### WORK INSTRUCTIONS
Check every line below, and copy those that include "Hybrid".

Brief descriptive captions
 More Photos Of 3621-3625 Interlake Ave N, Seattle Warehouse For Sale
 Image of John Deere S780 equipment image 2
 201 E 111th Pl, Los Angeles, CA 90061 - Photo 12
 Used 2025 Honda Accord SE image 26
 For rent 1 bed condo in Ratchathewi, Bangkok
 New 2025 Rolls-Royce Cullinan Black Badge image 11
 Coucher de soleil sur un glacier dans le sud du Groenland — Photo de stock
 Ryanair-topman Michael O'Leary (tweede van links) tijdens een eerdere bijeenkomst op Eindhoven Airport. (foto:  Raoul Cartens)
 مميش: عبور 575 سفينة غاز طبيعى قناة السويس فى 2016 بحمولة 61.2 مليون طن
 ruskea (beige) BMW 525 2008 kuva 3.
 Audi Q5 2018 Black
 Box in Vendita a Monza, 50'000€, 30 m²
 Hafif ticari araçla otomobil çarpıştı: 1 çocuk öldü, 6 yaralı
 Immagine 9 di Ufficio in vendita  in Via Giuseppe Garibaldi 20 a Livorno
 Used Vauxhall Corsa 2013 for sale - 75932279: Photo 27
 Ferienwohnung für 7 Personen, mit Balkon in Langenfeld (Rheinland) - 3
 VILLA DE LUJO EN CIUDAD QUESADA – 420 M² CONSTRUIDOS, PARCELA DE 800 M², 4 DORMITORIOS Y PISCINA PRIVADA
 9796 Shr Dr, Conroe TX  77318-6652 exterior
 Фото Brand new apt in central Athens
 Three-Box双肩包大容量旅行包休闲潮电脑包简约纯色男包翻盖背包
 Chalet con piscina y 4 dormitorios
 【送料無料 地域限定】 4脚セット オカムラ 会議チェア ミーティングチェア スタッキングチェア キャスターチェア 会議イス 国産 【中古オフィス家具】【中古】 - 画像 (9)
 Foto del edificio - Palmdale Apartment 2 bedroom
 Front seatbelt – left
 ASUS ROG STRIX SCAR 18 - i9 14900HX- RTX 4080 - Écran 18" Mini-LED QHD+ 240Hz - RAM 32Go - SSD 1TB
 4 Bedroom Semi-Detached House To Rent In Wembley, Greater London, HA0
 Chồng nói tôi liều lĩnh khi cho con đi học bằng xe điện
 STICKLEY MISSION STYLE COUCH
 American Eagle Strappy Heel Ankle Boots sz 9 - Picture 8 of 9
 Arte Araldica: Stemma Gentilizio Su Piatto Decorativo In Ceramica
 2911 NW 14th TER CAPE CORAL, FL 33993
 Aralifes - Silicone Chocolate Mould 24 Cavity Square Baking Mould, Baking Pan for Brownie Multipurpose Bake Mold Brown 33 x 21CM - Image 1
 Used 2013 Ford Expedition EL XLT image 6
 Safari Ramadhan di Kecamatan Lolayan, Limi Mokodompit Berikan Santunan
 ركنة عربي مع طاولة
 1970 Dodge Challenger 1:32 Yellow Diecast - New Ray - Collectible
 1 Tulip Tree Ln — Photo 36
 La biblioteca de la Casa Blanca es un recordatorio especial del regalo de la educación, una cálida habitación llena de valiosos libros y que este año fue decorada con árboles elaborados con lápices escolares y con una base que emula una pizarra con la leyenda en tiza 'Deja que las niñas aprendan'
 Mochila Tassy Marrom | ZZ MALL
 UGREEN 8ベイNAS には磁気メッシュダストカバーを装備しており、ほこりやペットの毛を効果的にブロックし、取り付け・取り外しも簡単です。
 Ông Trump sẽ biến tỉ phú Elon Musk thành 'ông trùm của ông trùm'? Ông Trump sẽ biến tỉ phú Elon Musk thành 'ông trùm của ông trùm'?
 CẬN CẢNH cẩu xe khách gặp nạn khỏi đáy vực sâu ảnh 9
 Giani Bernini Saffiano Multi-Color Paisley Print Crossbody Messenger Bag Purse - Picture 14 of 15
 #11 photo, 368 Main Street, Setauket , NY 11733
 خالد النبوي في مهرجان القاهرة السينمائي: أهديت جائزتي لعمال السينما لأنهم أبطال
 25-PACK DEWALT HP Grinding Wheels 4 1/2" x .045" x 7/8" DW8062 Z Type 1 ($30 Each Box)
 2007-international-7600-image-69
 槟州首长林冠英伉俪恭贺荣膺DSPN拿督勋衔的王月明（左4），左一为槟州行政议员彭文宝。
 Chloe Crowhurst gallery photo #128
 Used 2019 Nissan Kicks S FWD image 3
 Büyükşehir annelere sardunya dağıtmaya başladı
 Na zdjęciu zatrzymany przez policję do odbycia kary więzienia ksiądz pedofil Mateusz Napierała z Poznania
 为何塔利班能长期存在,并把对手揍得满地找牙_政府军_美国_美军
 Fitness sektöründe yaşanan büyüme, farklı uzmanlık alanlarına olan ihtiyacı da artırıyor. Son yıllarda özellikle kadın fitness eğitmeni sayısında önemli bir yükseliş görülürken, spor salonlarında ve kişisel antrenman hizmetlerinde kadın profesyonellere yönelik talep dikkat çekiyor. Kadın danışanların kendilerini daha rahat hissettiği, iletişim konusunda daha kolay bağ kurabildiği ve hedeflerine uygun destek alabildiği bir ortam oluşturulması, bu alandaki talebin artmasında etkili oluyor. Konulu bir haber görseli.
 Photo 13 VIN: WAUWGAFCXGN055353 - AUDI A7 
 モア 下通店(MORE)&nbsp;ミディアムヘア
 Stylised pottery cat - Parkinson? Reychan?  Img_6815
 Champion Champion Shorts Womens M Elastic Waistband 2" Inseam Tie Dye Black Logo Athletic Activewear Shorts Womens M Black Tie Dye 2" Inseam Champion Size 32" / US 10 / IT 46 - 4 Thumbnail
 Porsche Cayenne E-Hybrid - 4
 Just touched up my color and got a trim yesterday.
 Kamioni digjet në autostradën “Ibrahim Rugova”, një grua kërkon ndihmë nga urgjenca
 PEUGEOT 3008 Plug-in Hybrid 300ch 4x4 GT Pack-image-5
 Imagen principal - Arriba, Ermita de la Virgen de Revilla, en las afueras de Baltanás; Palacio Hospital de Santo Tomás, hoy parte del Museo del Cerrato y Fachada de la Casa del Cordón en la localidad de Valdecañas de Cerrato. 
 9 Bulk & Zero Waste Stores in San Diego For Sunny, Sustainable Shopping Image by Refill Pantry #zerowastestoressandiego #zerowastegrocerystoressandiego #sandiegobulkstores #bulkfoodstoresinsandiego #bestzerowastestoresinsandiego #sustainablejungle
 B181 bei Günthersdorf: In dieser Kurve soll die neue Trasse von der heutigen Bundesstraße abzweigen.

### WRITTEN ANSWER
 Porsche Cayenne E-Hybrid - 4
 PEUGEOT 3008 Plug-in Hybrid 300ch 4x4 GT Pack-image-5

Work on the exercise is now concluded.